A plan to spend $68 million in order to save $116 million each year just might fly within the friendly skies.
The Port Authority of New York and New Jersey has approved a series of projects which officials said would improve safety and efficiency at John F. Kennedy and Newark International airports while saving at least $116 million annually.
Port Authority officials said projects, costing $68 million, would make runways and taxiways more efficient, speed up movement of planes on the ground and permit greater use of the largest passenger and freight planes at both airports.
The Port Authority Board of Commissioners took the action July 24, two weeks after the agency's Flight Delay Task Force demanded that federal officials overhaul what it called a 1950s-era traffic control system.
The Task Force had previously produced a list of more than 100 recommendations it said would help reduce delays, increase safety and improve customer service at New York City airports.
The Port Authority opposes the Federal Aviation Administration's plan to limit flight capacity by implementing an auction system in which airlines would bid on slots at airports.
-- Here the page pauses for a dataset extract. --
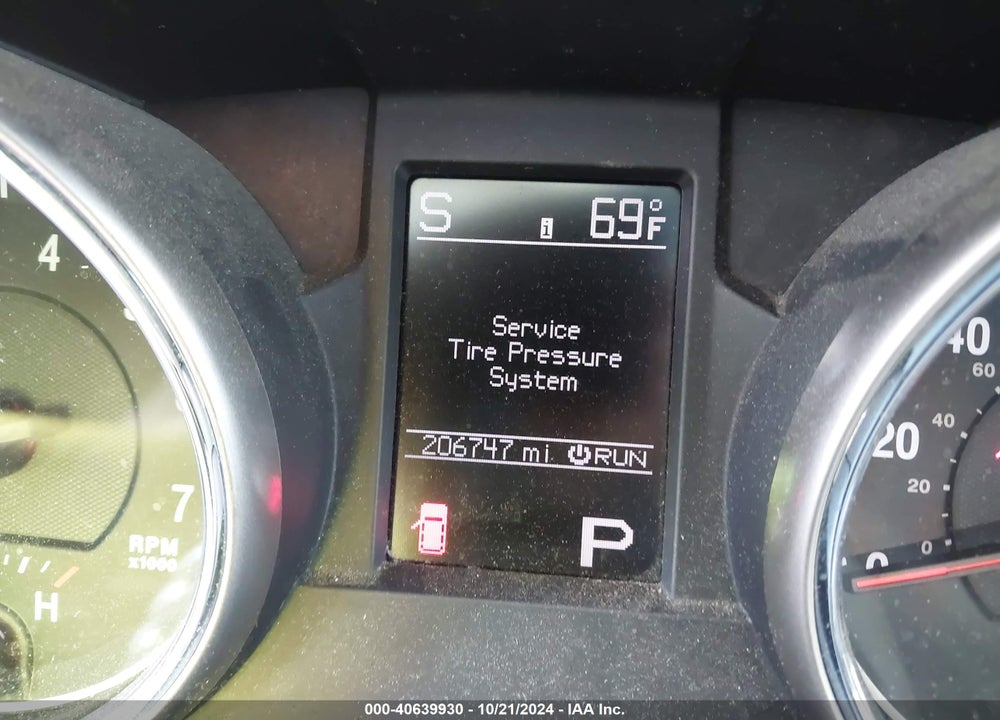 2013 JEEP GRAND CHEROKEE LIMITED VIN: 1C4RJFBG8DC598828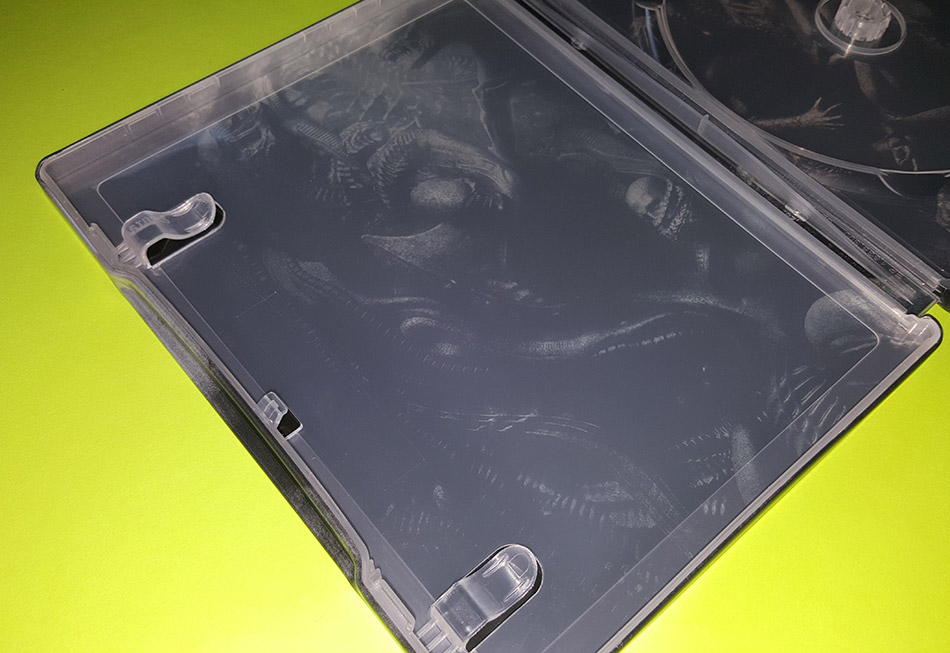 Fotografías del Steelbook de Alien: Covenant en Blu-ray 19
The Port Authority said such a system would serve only as an additional tax on passengers by increasing fares by an estimated 12 percent.
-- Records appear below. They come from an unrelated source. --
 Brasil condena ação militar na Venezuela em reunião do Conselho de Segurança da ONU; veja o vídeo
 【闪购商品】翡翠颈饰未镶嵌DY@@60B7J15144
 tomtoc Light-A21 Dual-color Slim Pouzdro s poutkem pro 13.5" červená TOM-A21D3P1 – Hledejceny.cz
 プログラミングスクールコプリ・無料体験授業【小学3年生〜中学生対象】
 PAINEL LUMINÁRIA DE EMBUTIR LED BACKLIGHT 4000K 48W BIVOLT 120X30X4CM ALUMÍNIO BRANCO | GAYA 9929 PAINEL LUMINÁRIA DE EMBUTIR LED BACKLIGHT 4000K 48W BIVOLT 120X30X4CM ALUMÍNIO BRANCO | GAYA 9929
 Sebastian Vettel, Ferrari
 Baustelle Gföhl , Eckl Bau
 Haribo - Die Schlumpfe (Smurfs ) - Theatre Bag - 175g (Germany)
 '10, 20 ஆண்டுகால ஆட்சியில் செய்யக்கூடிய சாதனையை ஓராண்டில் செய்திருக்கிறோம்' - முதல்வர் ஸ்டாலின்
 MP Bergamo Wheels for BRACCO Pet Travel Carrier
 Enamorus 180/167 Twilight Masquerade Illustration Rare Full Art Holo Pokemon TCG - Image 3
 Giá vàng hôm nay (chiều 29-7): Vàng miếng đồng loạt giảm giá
Anthony Coscia, chairman of the Port Authority, said, "the investments we are announcing demonstrate our ongoing and firm commitment to do what we can to improve the flying experience for our customers."
The measures approved by the Port Authority board include:
Installation of a ground surveillance system at Kennedy that works like a GPS to pinpoint the exact location of all planes at the airport and is used to manage faster movement of planes between terminals and runways, saving more than $10 million annually.
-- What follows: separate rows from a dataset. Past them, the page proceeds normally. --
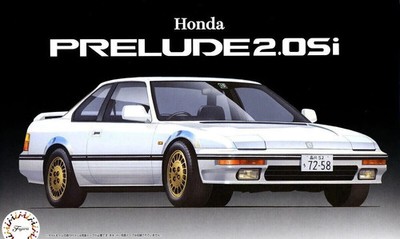 Fujimi 1/24 Honda Prelude 2.0Si (High Society Car Version) Plastic Model Kit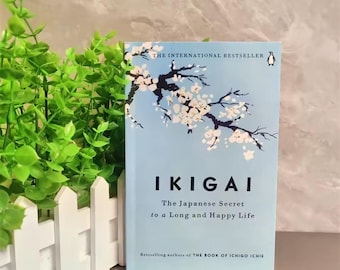 The Japanese Secret Philosophy For A Happy Healthy By Hector Garcia Book Rebuilding Happiness + A Book About Hope Fiction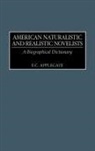 E. C. Applegate, Edd Applegate - American Naturalistic and Realistic Novelists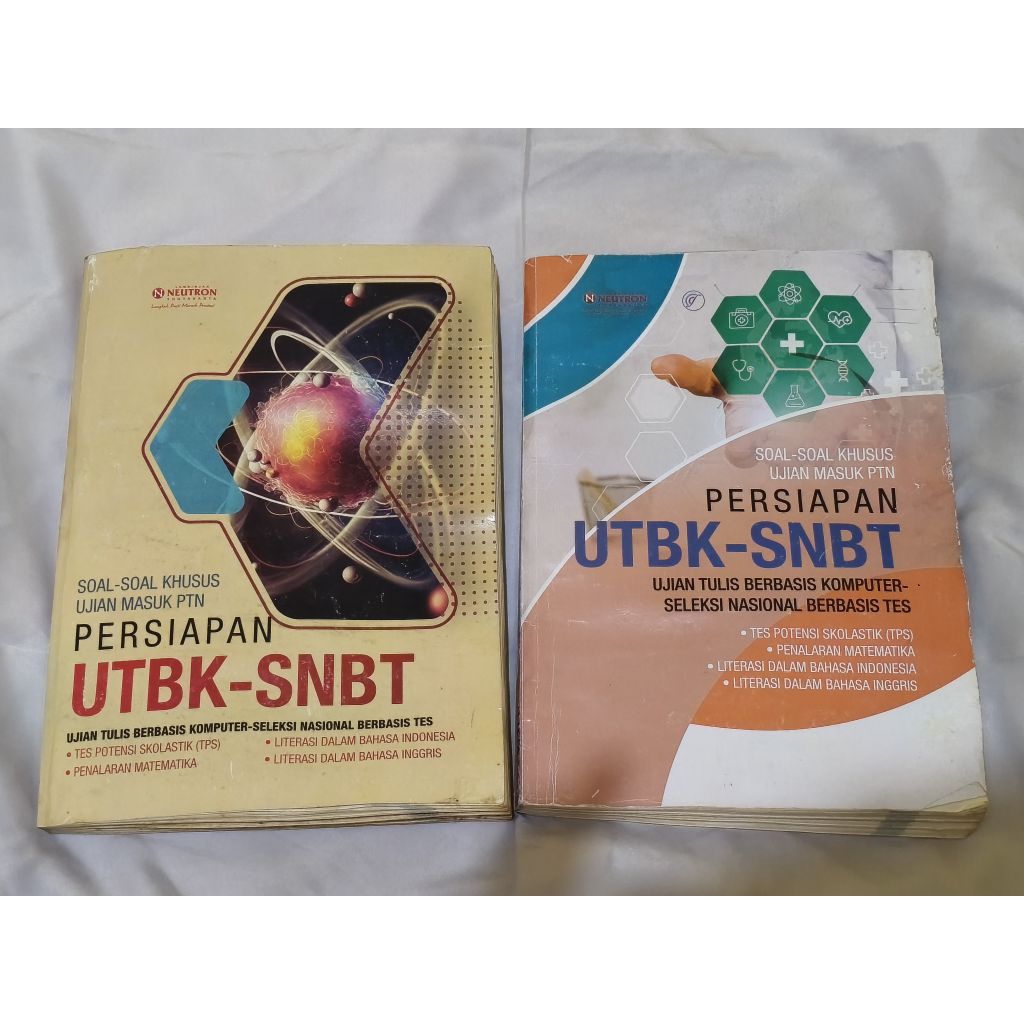 preloved buku persiapan utbk neutron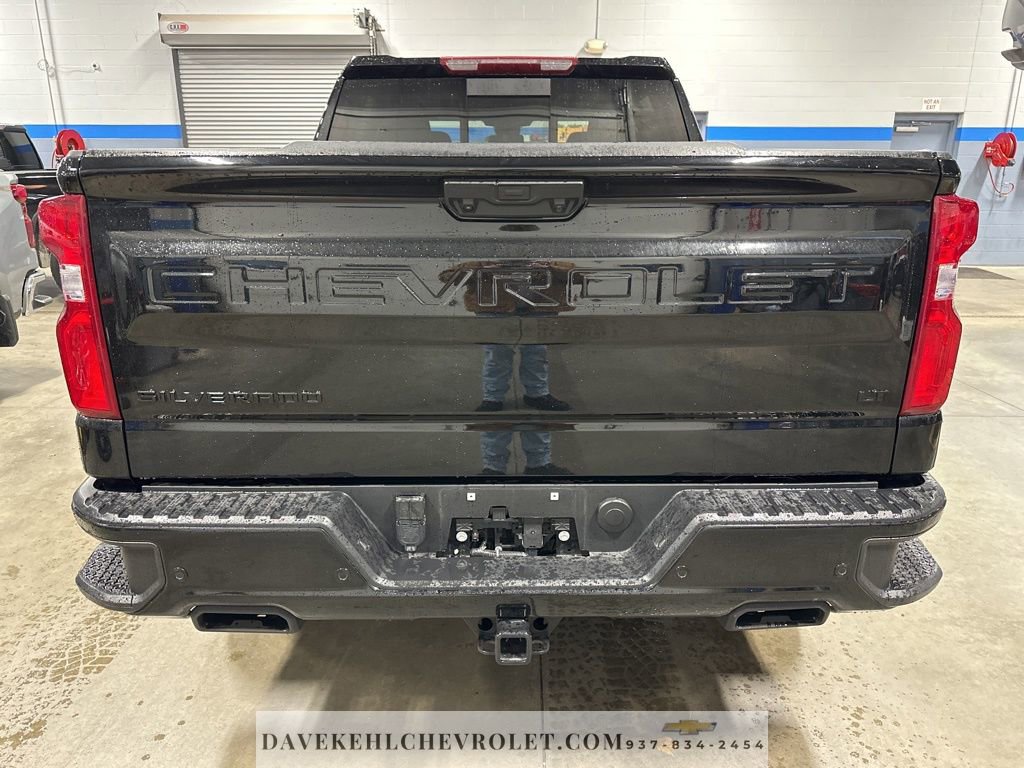 Used 2025 Chevrolet Silverado 1500 LT Trail Boss w/ LT Trail Boss Premium Package image 4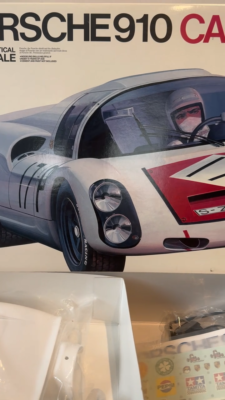 Porsche 910 Carrera 10 1:12 スケール TAMIYA Vintage Porsche 910 Carrera 10 1/12 Big Scale Car 12003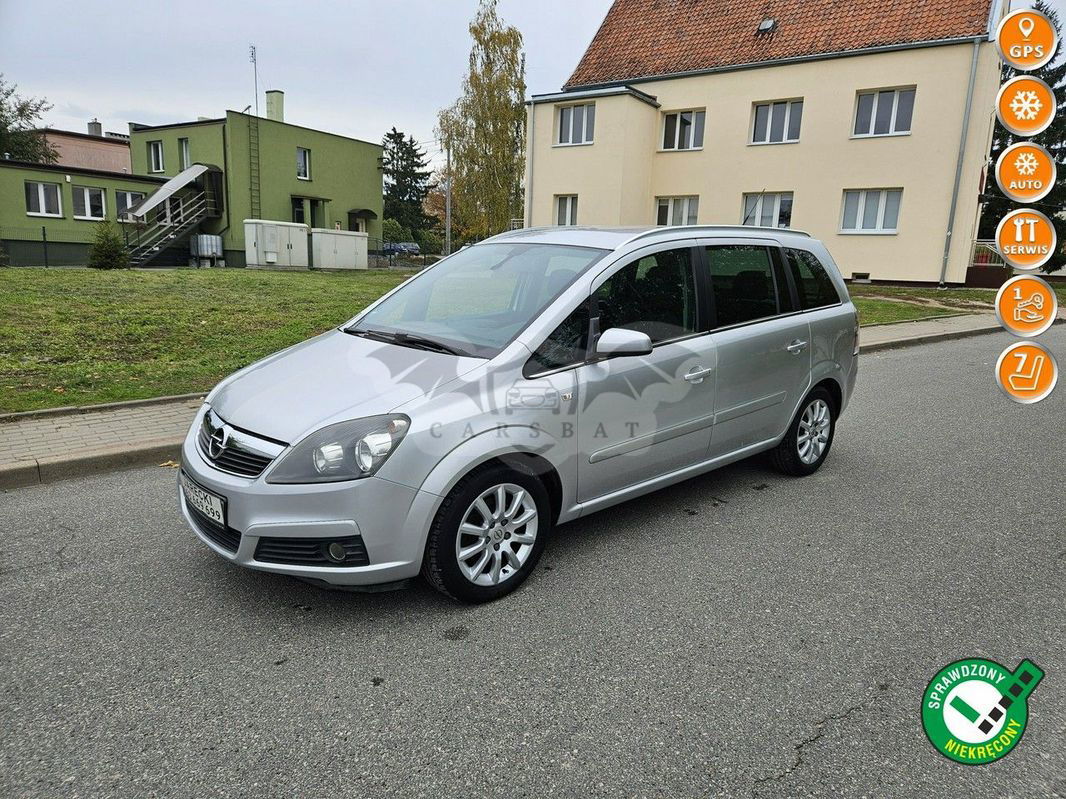 Opel Zafira B 2008
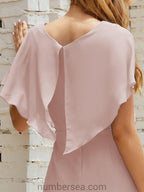 Vestidos de Baile de Regresso a Casa Comprimento ao Joelho Sem Mangas Modelo 28021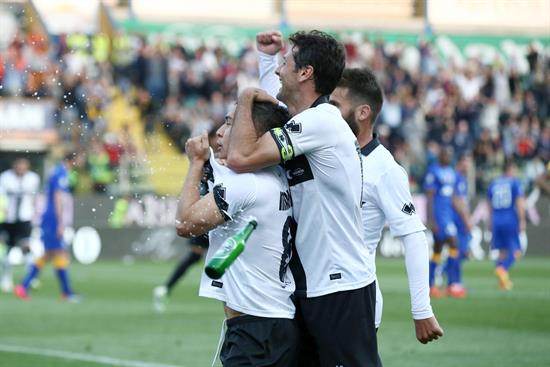 El Parma de Jorquera frenó en seco a la Juve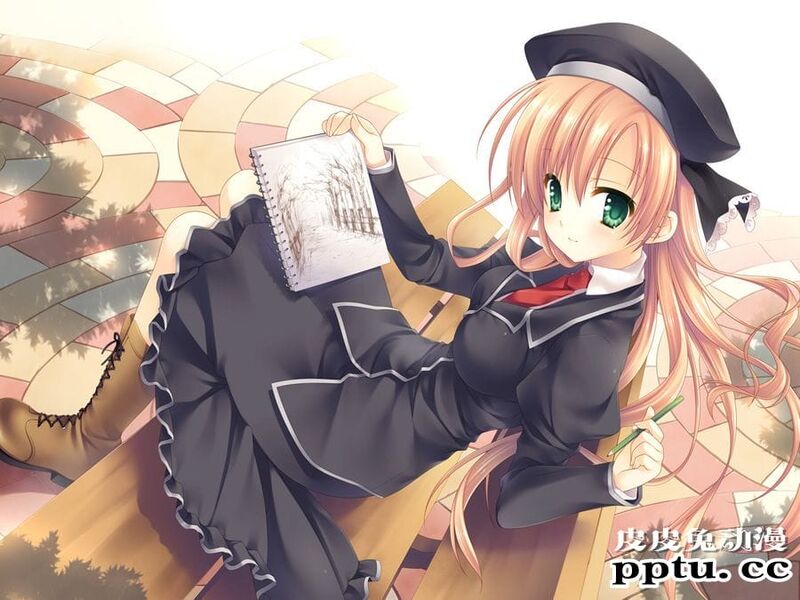 galgame《茜色的画布3：七色的奇迹》-皮皮兔动漫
Widening of 32 taxiway intersections at Newark to increase available taxi routes for larger planes like the Boeing 777 and Airbus A340-600, and creating more flexibility for air controllers to schedule departures and cut taxi times for all planes.
Extension of taxiways 'YA' and 'FB' at Kennedy to improve departure procedures on runway '22R' cutting takeoff times by up to 2-1/2 minutes for every takeoff, resulting in an estimated $82 million in annual savings.
Construction of taxiway 'KA' hold pad at Kennedy to create more efficient queuing and sequence procedures for runway '4L' departures, reducing departures delays by about one minute per operation for an annual savings of nearly $24 million.